Bank of America's recent layoffs target mortgage offices in the wake of unprecedented low rates.

In an ironic twist, Bank of America (BofA) is closing 40 mortgage offices and firing hundreds of workers at a time when mortgage interest rates are setting record lows.

The firings come in the wake of recent news from Freddie Mac that the 30-year FRM had fallen to 3.94 percent, the first time the rate ever dipped below 4 percent. Regardless, BofA’s actions seem to indicate two things: one, that the major bank is committed to the recent cost-cutting measures recently implemented by CEO Daniel Moynihan, and two, that the ghosts of BofA’s 2008 purchase of Countrywide Financial continue to haunt the bank.

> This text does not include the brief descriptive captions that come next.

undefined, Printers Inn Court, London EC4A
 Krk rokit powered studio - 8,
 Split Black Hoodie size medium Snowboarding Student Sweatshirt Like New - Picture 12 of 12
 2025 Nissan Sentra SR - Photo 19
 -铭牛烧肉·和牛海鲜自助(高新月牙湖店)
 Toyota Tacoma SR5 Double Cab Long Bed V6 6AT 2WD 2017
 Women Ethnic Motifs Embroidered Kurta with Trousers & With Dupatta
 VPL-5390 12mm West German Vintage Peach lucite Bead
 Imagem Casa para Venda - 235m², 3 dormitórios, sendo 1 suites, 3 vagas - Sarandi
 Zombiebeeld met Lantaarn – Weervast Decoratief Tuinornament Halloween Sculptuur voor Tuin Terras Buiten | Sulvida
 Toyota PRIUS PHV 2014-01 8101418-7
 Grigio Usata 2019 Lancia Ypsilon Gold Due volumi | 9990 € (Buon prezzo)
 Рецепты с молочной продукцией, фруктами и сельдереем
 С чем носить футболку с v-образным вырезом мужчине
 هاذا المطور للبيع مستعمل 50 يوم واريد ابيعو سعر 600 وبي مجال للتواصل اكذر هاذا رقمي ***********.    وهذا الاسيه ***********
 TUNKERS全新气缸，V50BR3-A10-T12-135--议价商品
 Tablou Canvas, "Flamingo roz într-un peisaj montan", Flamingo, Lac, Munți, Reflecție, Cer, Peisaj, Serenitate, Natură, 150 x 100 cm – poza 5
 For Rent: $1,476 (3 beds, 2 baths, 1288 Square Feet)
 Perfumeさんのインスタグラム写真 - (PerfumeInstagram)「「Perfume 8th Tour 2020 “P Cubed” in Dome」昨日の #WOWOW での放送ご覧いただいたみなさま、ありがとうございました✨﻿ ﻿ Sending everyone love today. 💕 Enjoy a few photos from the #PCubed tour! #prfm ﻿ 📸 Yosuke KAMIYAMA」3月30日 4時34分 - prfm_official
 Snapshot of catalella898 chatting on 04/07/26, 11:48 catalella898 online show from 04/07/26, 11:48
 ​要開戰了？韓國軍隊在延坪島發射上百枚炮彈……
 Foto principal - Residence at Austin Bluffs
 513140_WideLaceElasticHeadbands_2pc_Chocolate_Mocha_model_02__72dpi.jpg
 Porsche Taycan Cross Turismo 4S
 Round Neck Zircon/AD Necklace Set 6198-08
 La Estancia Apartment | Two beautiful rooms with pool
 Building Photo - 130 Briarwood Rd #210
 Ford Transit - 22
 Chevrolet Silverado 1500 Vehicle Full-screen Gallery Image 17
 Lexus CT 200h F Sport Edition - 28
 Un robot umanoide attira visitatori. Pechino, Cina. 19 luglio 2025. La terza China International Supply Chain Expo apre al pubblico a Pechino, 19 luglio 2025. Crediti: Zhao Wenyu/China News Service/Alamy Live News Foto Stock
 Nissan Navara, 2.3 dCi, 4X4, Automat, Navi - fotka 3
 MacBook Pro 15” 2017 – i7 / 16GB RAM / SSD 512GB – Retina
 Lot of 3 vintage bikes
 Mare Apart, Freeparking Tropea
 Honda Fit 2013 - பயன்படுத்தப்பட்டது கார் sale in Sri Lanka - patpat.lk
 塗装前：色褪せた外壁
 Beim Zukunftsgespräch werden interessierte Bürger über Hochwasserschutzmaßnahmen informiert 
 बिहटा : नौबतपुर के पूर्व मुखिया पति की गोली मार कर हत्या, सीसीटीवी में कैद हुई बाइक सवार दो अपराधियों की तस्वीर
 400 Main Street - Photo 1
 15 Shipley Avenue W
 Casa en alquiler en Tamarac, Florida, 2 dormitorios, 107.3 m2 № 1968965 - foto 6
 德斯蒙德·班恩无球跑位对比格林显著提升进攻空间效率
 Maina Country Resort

Originally reported last month, BofA’s job cuts are part of a massive restructuring of the company that will ultimately reduce its payrolls by 10 percent, or roughly 40,000 jobs. A large part of BofA’s continued struggles derives from its purchase of Countrywide, once a jewel of Wall Street and largest originator of home loans in the U.S.

In the years following the mortgage meltdown, Countrywide has become somewhat of a poster child for the reckless ambition and “irrational exuberance,” in Alan Greenspan’s words, that characterized that brief period of finance. Though the company posted record profits during the housing boom, its lax accounting and predatory lending practices (which included scores of risky zero-down, subprime loans) soon caught up with it, and it was purchased by BofA in 2008 for a fraction of its share price. BofA has discovered, though, that it may have inherited more than it bargained for in the purchase, which saddled its books with thousands of failed (and possibly illegal) mortgages.

E. Scott Reckard of the L.A. Times labeled the Countrywide deal “disastrous,” and James Kwak, a co-author of the popular economics blog The Baseline Scenario, recently commented on the plights of BofA with even stronger language, writing, “It’s amazing that after three full years of our government trying to give Bank of America money at every possible opportunity, it’s still a basket case.”